Investors hope real estate is able to avoid downturn
Author: Andrew R. Little
Source: Richmond Times-Dispatch
Date: 02-16-2004
Investors hope real estate is able to avoid downturn
January turned out to be a very active month for commercial real-estate finance.
Fears about overbuilt, underoccupied, overleveraged and overpriced markets have given way to jubilation on the part of many investors who hope real estate will avoid a downturn.
Although it would be hard to argue that real estate has not been affected by the economy, commercial mortgages have enjoyed a fantastic run lately. More specifically, real-estate debt traded as commercial mortgage-backed securities (known as CMBS) is now pricing as tight to U.S. Treasuries as it ever has.
The tightness in CMBS pricing has allowed lenders to offer better rates to borrowers. Rates now range from 4.65 percent to 5.55 percent for 5- and 10-year mortgages, respectively, according to the Barron's/John B. Levy & Co. National Survey.
To put this type of pricing into perspective, we looked at Barron's/Levy data collected during the past 20-plus years. Although current pricing is not at its lowest point (which occurred briefly last summer), from a long-term look, it is quite good. Since January 1983 the average 10-year mortgage rate has been 8.57 percent, a full three percentage points above current rates.
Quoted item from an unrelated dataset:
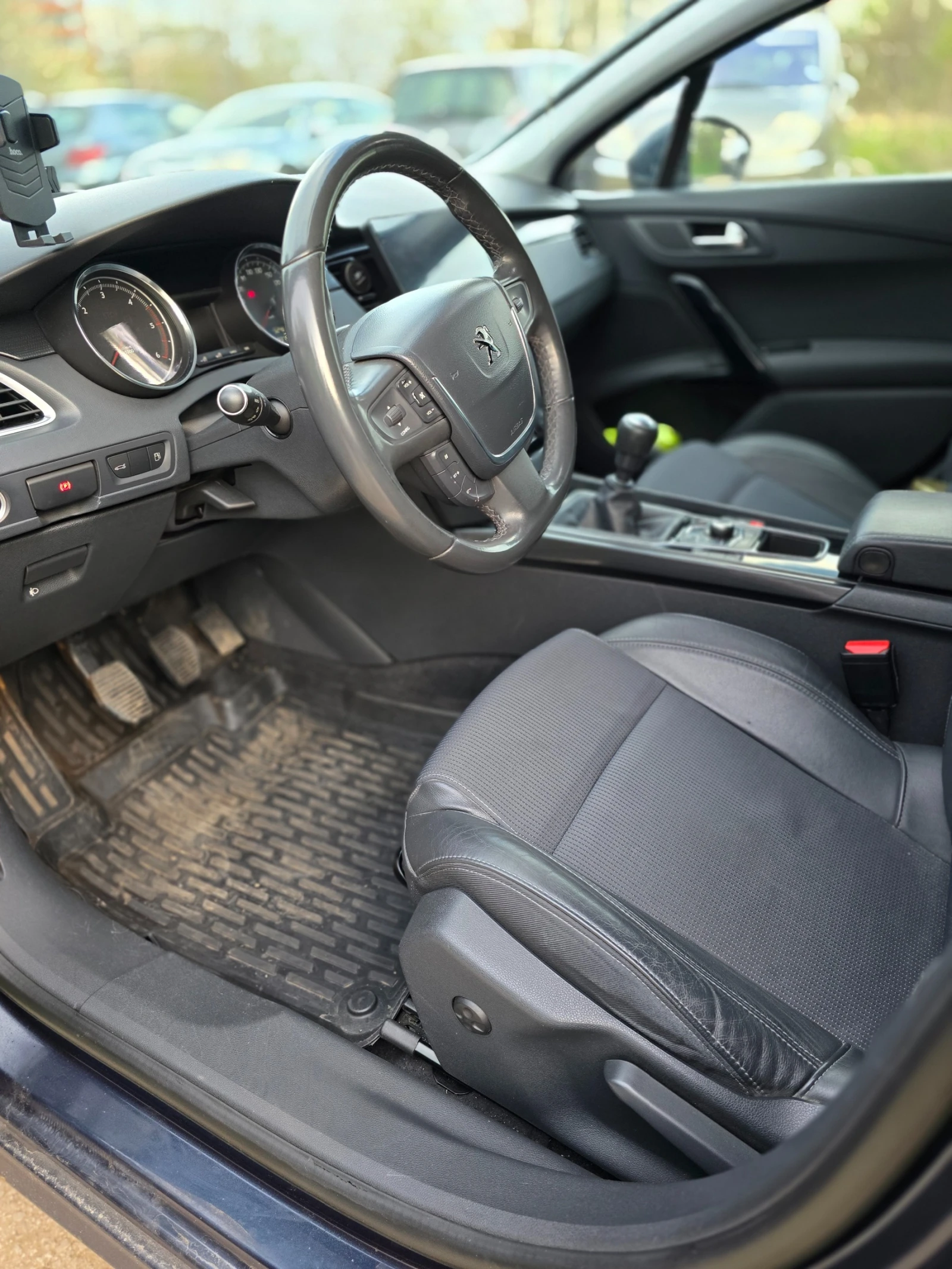 Peugeot 508, снимка 9 - Автомобили и джипове - 54258129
What's interesting is the combination of a low-interest-rate environment and aggressive competition among lenders and investors. As commercial mortgages continued to perform well through the economic downturn, lenders have felt more pressure to add to their portfolios.
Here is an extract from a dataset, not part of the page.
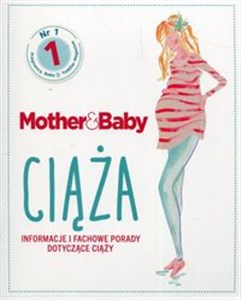 Mother & Baby Ciąża Informacje i fachowe porady dotyczące ciąży pl online bookstore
The Mortgage Bankers Association recently held its annual convention in Orlando, Fla. This year the overwhelming consensus among commercial lenders attending the event was:
• They had pressure to put out more money this year than they did in 2003, and • They had no idea how they were going to achieve their goals.
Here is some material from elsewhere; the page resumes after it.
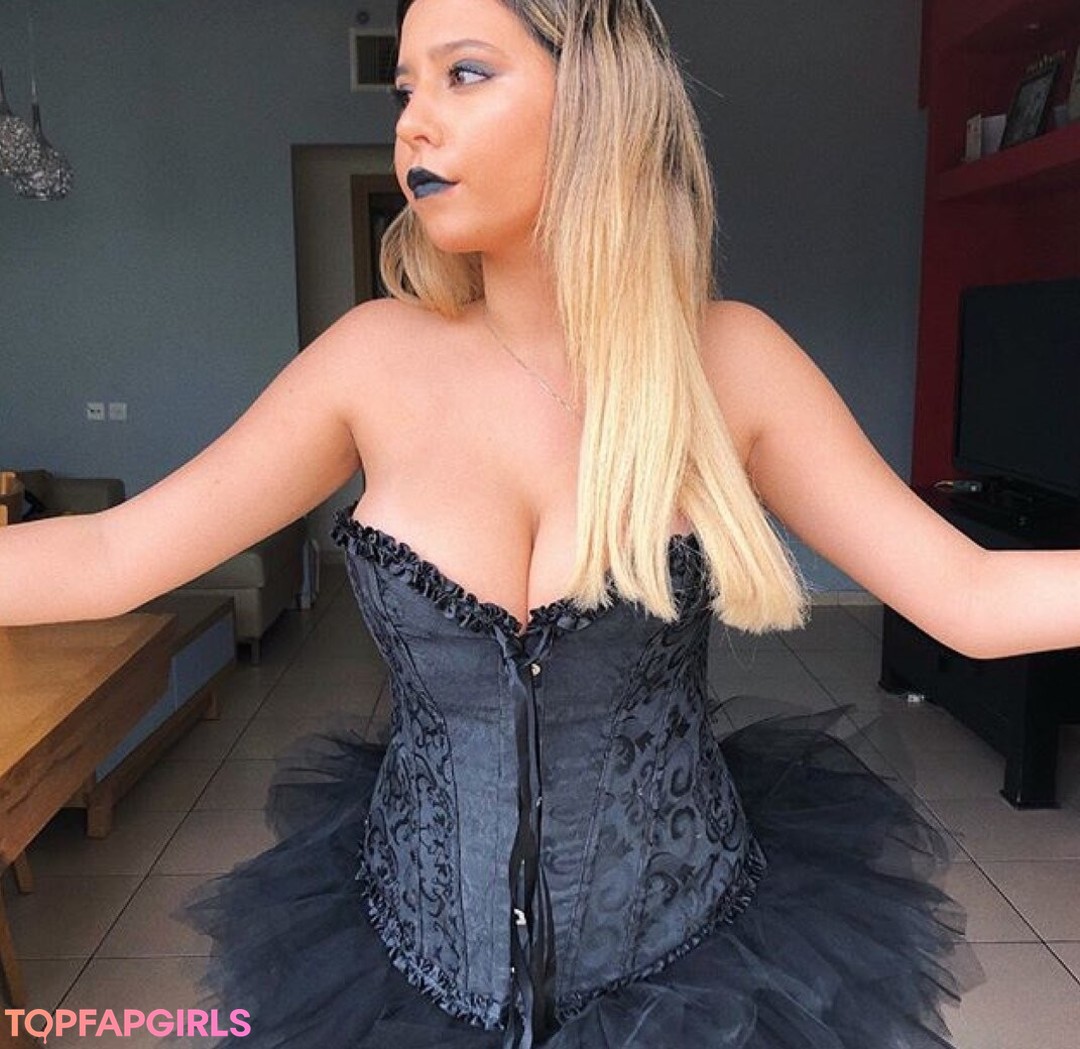Foto desnuda filtrada de OnlyFans de Coral Sharon #1498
One way for lenders to compete in this frenzied market is to come up with creative programs that meet borrowers' needs. Several lenders have come up with construction-permanent loan programs for properties occupied by credit tenants. Of particular interest was the program that allows a loan to float at bank rates during construction but locks in the permanent rate today for the period the tenant takes occupancy and pays rent.
Along these same lines are "forward" pricing programs. These programs allow a borrower to lock in today's low interest rates for a loan that begins in six to 18 months. While these programs have always been the domain of insurance companies and pension funds, Wall Street conduits now have the ability to allow "forward" pricing for the first time since their inception in the early 1990s.
Both programs are in response to borrowers' needs. Nonetheless, they were created to allow lenders to gain market share getting above-average pricing.
Similarly, real estate investors are searching for above-average returns in a competitive market. The Carlyle Group, a Washington-based global private-equity investor, recently set its sights on Richmond to gain above average returns in real estate. Through Brownfield Capital based in Denver, the group is moving forward with East West Partners with a plan that would allow a significant amount of development to occur east of Shockoe Bottom and Church Hill near the former Fulton Gas Works site.
Carlyle, which has raised more than $1 billion to invest in real estate since 1997, generally sees opportunity where others aren't looking. While the plans are in their infancy, the partners involved make the project instantly credible and will only add to the growing sentiment that downtown Richmond is abuzz with opportunity.
Andrew Little is an investment banker with John B. Levy & Company, Inc.